Wednesday Night 1984 – an ominous number, given our preoccupation with fake news, Trumpian dystopia and the COVID-19 pandemic. Should you need to be reminded, check out Doublethink Is Stronger Than Orwell ImaginedWhat 1984 means today.

Despite the huge gap between the treatment of the pandemic by the two governments, over the last few days, senior politicians of the U.S. and Canada were both involved in hammering out unprecedented financial aid packages for their respective countries, and in both cases the principal sticking point was oversight.

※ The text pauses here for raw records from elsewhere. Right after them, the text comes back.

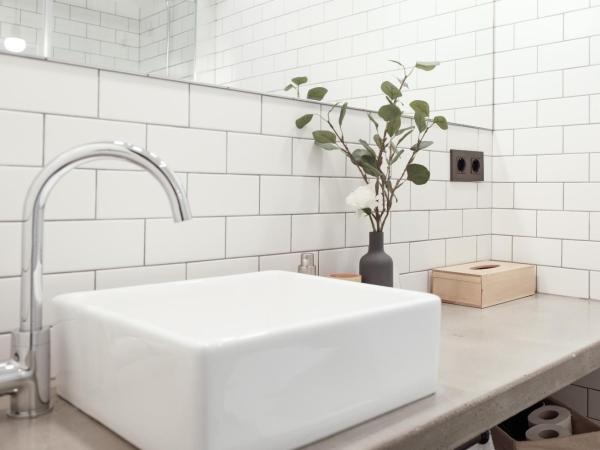 Talo Urban Rooms : photo 4 de la chambre chambre familiale supérieure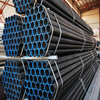 ASTM Carbon Round Black Seamless Tube & Carbon Steel Tube Supplier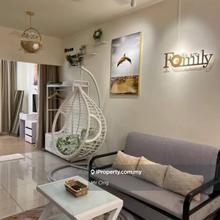 Penampang Manhattan Suite Fully Furnished For Rent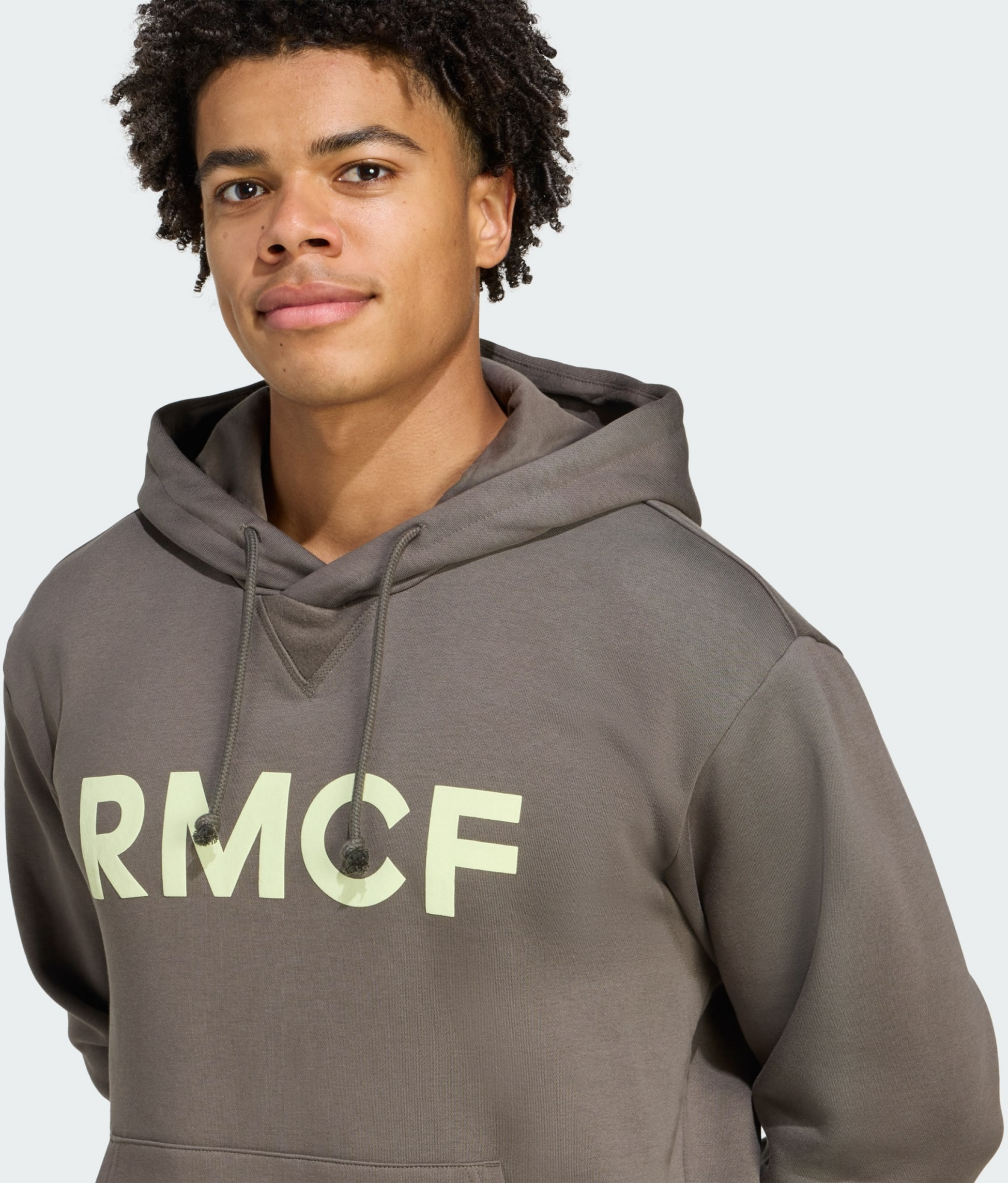 ADIDAS, Adidas Real Madrid Seasonal Hoodie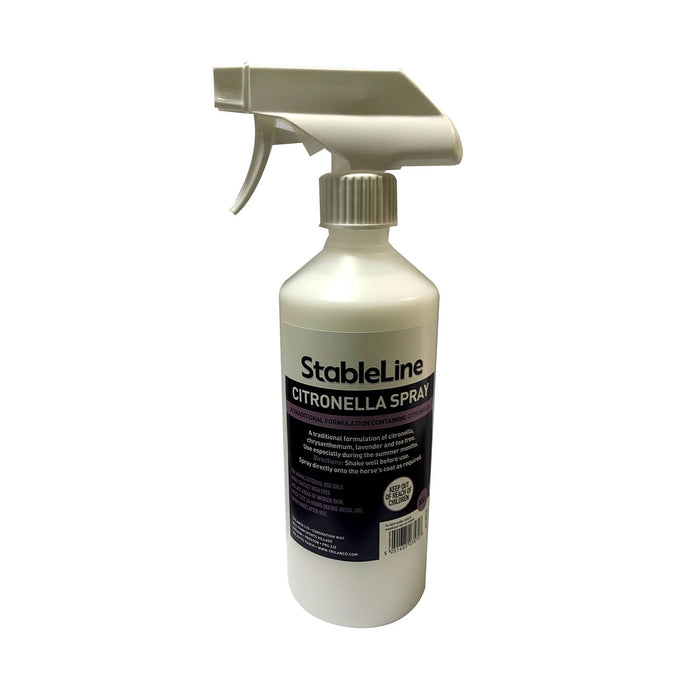 Stableline Citronella Spray - Ashurst Equestrian & Country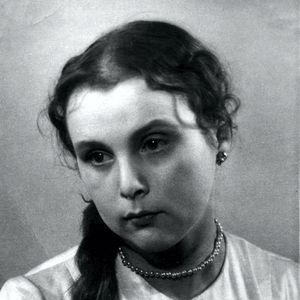 Вера Бурлакова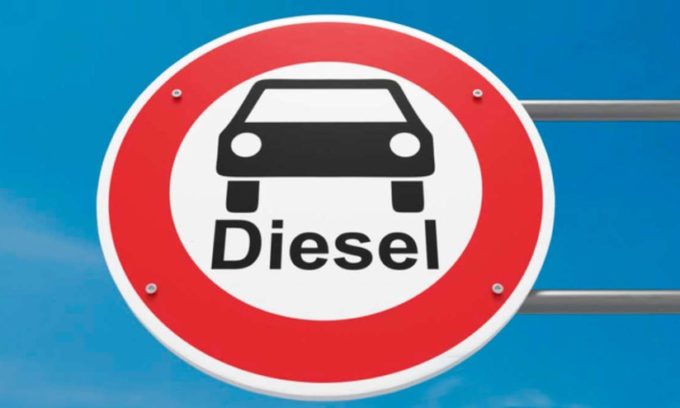 2021 blocco Euro 4 Diesel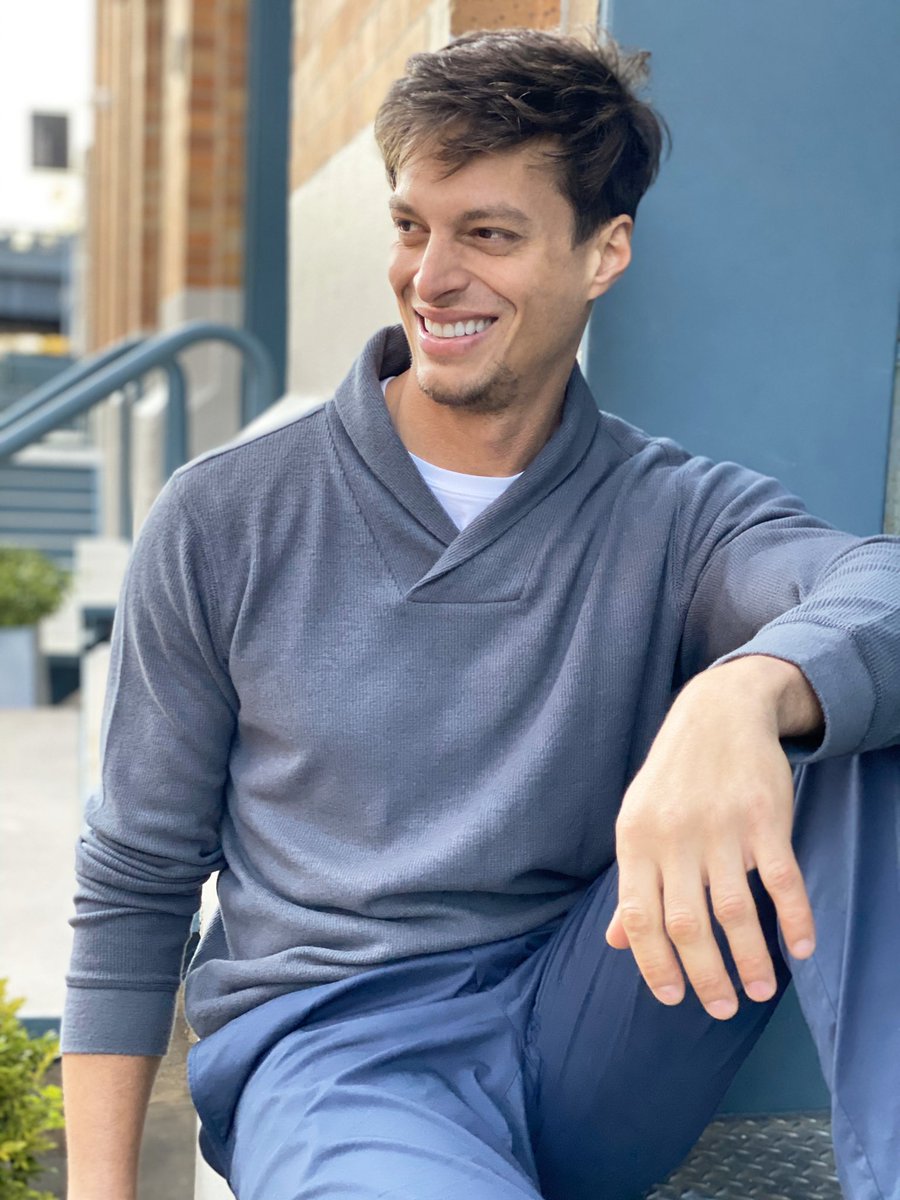 TailorByrd's tweet photo. New Arrival: The Melange Shawl Neck Cozy Sweater! Plus, All Sweaters and Pullovers are up to 70% off including this one! USE CODE: HOLIDAYBYRD at Checkout!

Early Wednesday morning, a deal was reached in Washington, (see POLITICO Playbook: We have a deal)
White House and Congress Reach $2 Trillion Stimulus Deal
The legislation, which is expected to be enacted within days, is the biggest economic stimulus package in modern American history, aimed at delivering critical financial support to businesses forced to shut their doors and relief to American families and hospitals reeling from the rapid spread of the disease and the resulting economic disruption.
Struck shortly before 1 a.m. Wednesday, it was the product of a marathon set of negotiations … that nearly fell apart as Democrats insisted upon stronger worker protections and oversight over a new $500 billion fund to bail out distressed businesses.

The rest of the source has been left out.